Assignment:
Output the data below only from the line containing "Happy Easter Jesus" up to and including the line containing "Japanese style toilet-free", exact and with the pictures left out.

BEGIN Data listing

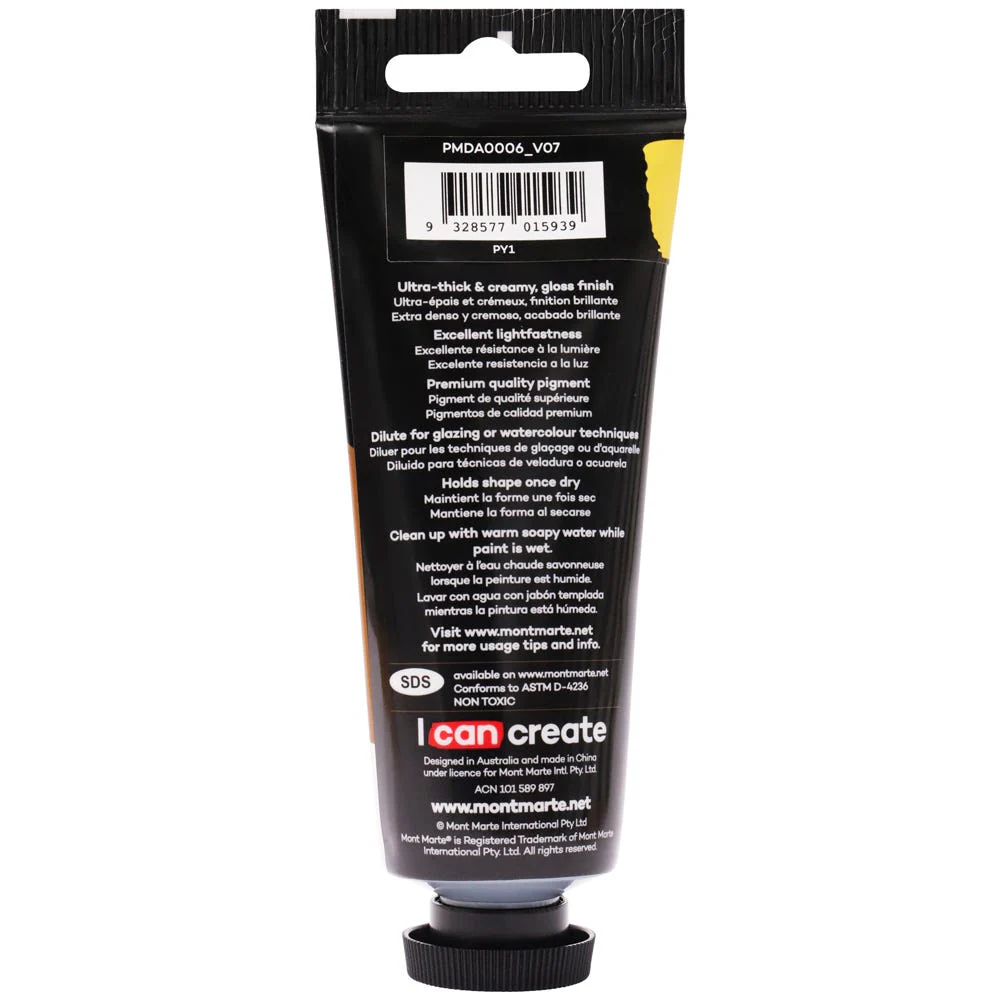 Dimension Acrylic Premium 75ml Tube - Medium Yellow - Image 3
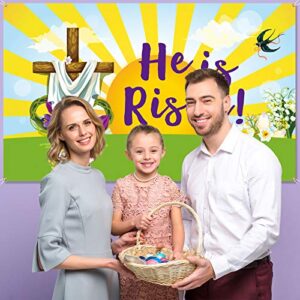 Happy Easter Jesus Backdrop Easter Jesus He Is Risen Background Banner Easter Resurrection Background for Easter Day Celebration Party Decor Banner Portrait Photo Easter Party Supplies, 6 x 4 ft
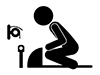 Japanese style toilet-free pictogram | black and white illustration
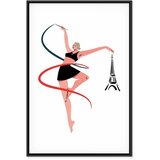  Slika - Rhythmic Gymnastics - Illustration of a Woman With a Ribbon 80x120 U crnom drvenom okviru | shoptok.hr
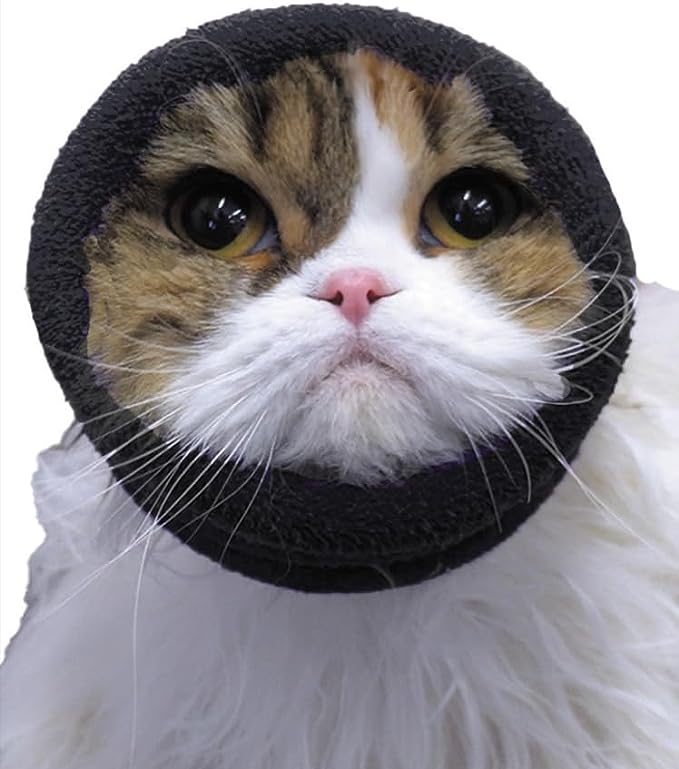 Happy Hoodie®, the original Head Hug for Pets™, muffles the loud noise from velocity driers and keeps the high-The Happy Hoodie® is the original Head Hug for Pets™. This product muffles the loud noise from velocity driers and keeps the high-pressured, blown air away from the ear canals while absorbing moisture from ears and head, speeding up dry times. Happy Hoodie Extra Small Black on Cat.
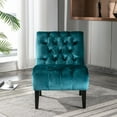thumbnail image 2 of Tcbosik Modern Accent Chair, Upholstered Armless Chair with Button Tufted Back and Wood Legs, Single Sofa Chair, Lounge Chair for Living Room, Bedroom, Teal, 2 of 9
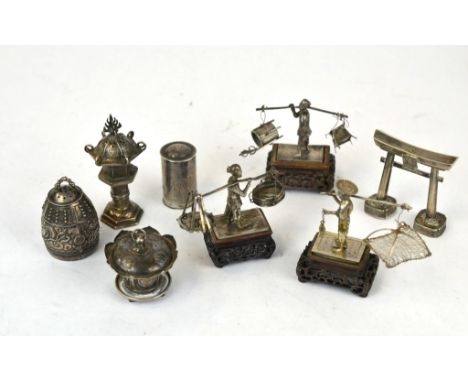 Group of Eight Miniature Chinese Silver Objects Grouping of eight miniature Chinese silver objects  including three shakers, 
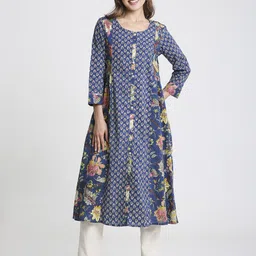 Saffron Threads Women Floral Printed Screen Print Daily Cotton A-Line Kurta-image-59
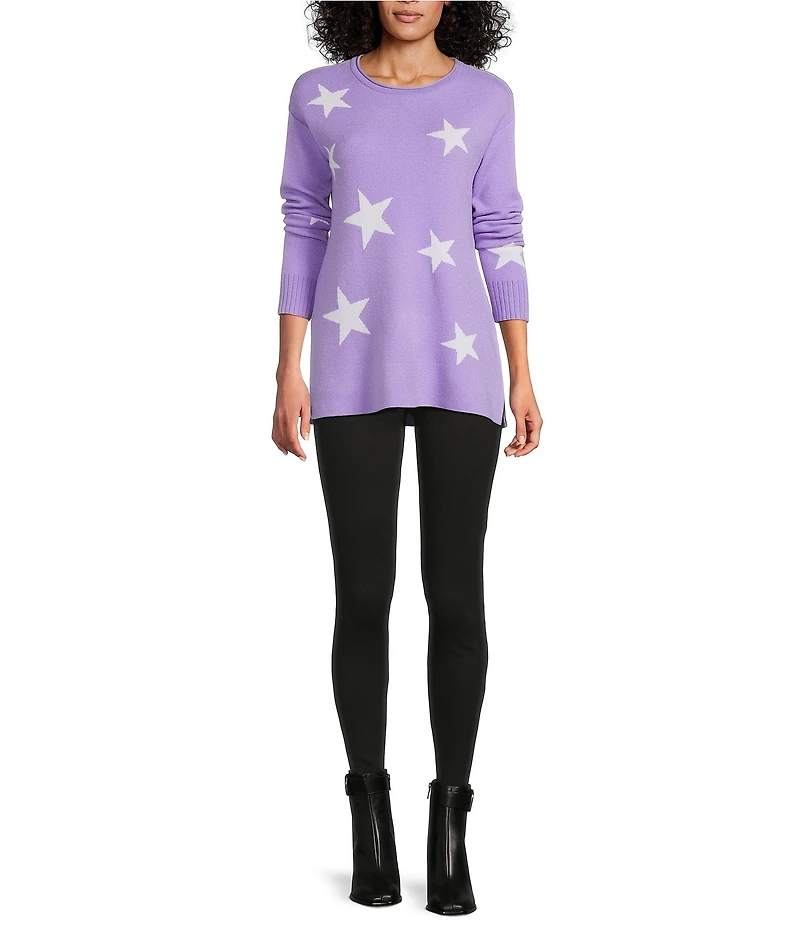 Slim Factor by Investments Madison Crew Neck Long Sleeve Star Sweater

END Data listing

Answer section:
 Happy Easter Jesus Backdrop Easter Jesus He Is Risen Background Banner Easter Resurrection Background for Easter Day Celebration Party Decor Banner Portrait Photo Easter Party Supplies, 6 x 4 ft
 Japanese style toilet-free pictogram | black and white illustration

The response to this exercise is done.